L’intrigue tourne autour de la passion contrariée entre Doña Prouhèze et Don Rodrigue, sur fond de conquêtes et d’évangélisation en Espagne et en Amérique au XVIIe siècle. L’amour impossible, la conquête du monde, la foi semblent être des thèmes finalement assez communs qui nécessitent une prise de position audacieuse pour redynamiser le propos. On aurait pu imaginer que pour son départ l’administrateur, metteur en scène et comédien qu’est Eric Ruf fasse davantage preuve d’audace sur le sujet choisi. Certes il y sera question d’ascension et de chute, de stratégies politiques ce qui n’est pas sans nous rappeler certains enjeux actuels. Si le metteur en scène ose, c’est par le simple choix de cette pièce et la forme qu’elle représente. Il fait honneur aux membres de cette grande maison en leur offrant à jouer des trajectoires de vie et en valorisant l’expérience artistique dans le temps de la fiction et dans celui de la représentation.
Il s’agit plutôt de célébrer la troupe et la beauté de suivre des personnages sur des années. Une traversée peu commune au Théâtre. Claudel montre l’humanité toute entière déployée sur plusieurs continents. Une pièce monde qui magnifie la force de la troupe et de la choralité.
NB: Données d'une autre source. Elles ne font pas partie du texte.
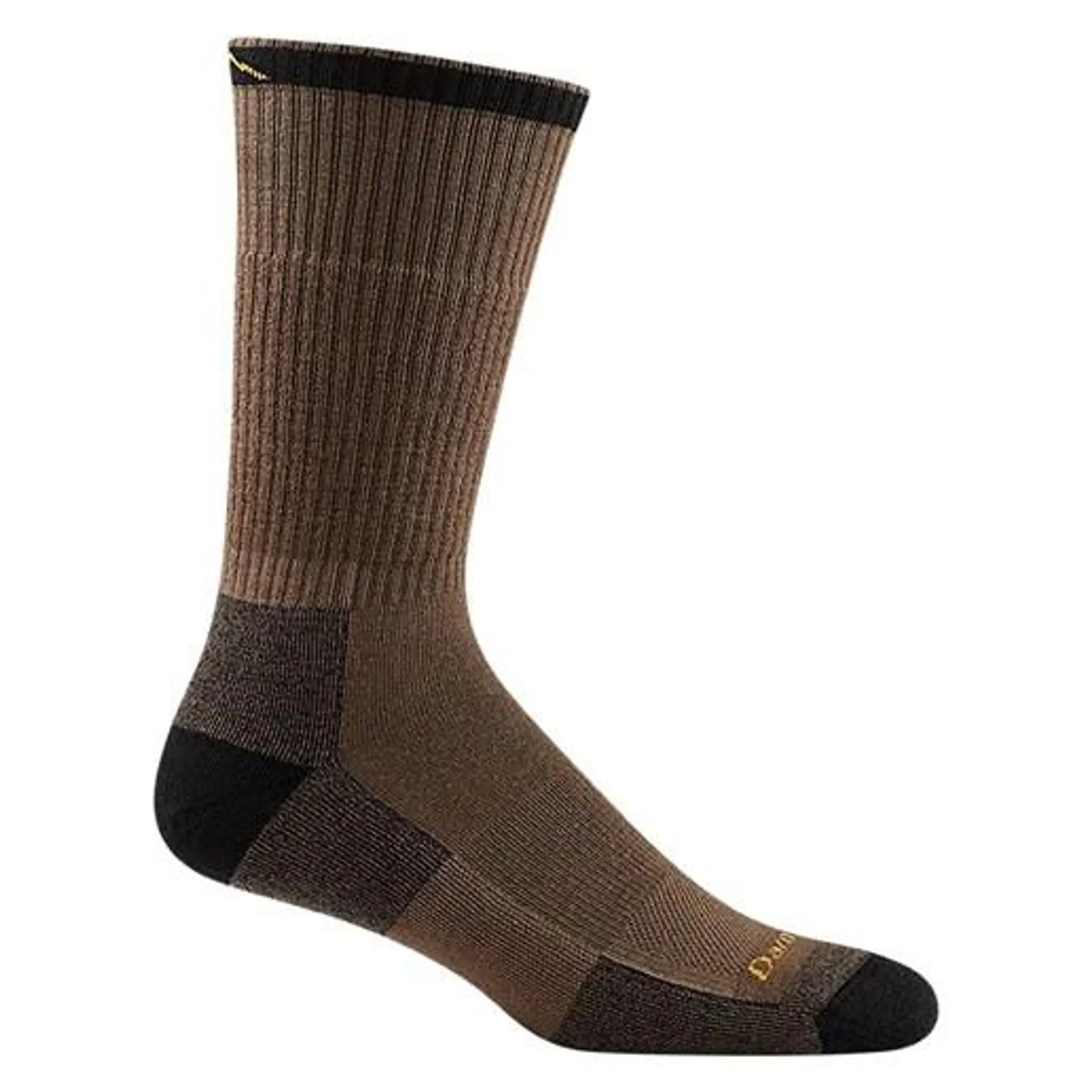 Men's John Henry Midweight Work Sock in Timber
Avouons tout de même que le texte n’est pas des plus accessible de par son esthétique baroque et son onirisme un peu lourd. Le spectateur est pourtant marqué puissamment par la poésie, le rêve et la vaine espérance qui émanent des mots de Claudel. Et ce sont les femmes qui véhiculent le plus cette beauté de la langue et la force du dilemne. Claudel trouve un rythme à travers un théâtre de situations, parfois drôle, souvent terrible, qui maintient l’éveil et franchit la barrière de cette langue musclée.
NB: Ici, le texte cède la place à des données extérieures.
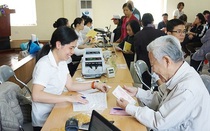 3 hình thức chi trả lương hưu từ ngày 1/7/2025, ai cũng nên biết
« Alors, pendant qu’il est encore temps, tenant mon cœur dans une main et mon soulier dans l’autre, Je me remets à vous ! Vierge mère, je vous donne mon soulier ! Vierge mère, gardez dans votre main mon malheureux petit pied! » – Doña Prouhèze – Le Soulier de satin, de Paul Claudel

Ah ! Ce ne sera pas long à comprendre que je suis la joie, et que c’est la joie seule et non point l’acceptation de la tristesse qui apporte la paix » – Doña Musique – Le Soulier de satin, de Paul Claudel
Eric Ruf est un metteur en scène respectueux de la volonté de Claudel. Pas de grand décor ou de scénographie chargée, place au dépouillement et à l’espace vide de la scène et de ses matériaux bruts. Eric Ruf a réutilisé d’anciens décors de toiles plissées et a de nouveau collaboré avec Christian Lacroix pour les costumes chatoyants et finement brodés. La sobriété est le maître mot, la place est faite aux accessoires et au texte. Les comédiens entrent et sortent spontanément, traversant le public sur le pont du temps. Ils sont accompagnés de quatre musiciens qui habillent la scène et la salle en traversant Purcell, Bach, Schumann…et tant d’autres.

Bien sûr, comme la plupart du temps, les acteurs de la Comédie-Française sont une valeur sûre et transcendent les textes qu’ils incarnent. Marina Hands et Edith Proust nous éblouissent de leur sensibilité et de leur force mais aussi par le décalage qu’elles apportent à ces femmes. Didier Sandre, Laurent Stocker, Suliane Brahim, Birane Ba campent des personnages complexes brillants de dualité et de fragilité. N’en déplaise à Claudel, c’est à regret que Camille explose trop tôt alors que c’est un rôle sublime, porté avec charisme et ambivalence par Christophe Montenez.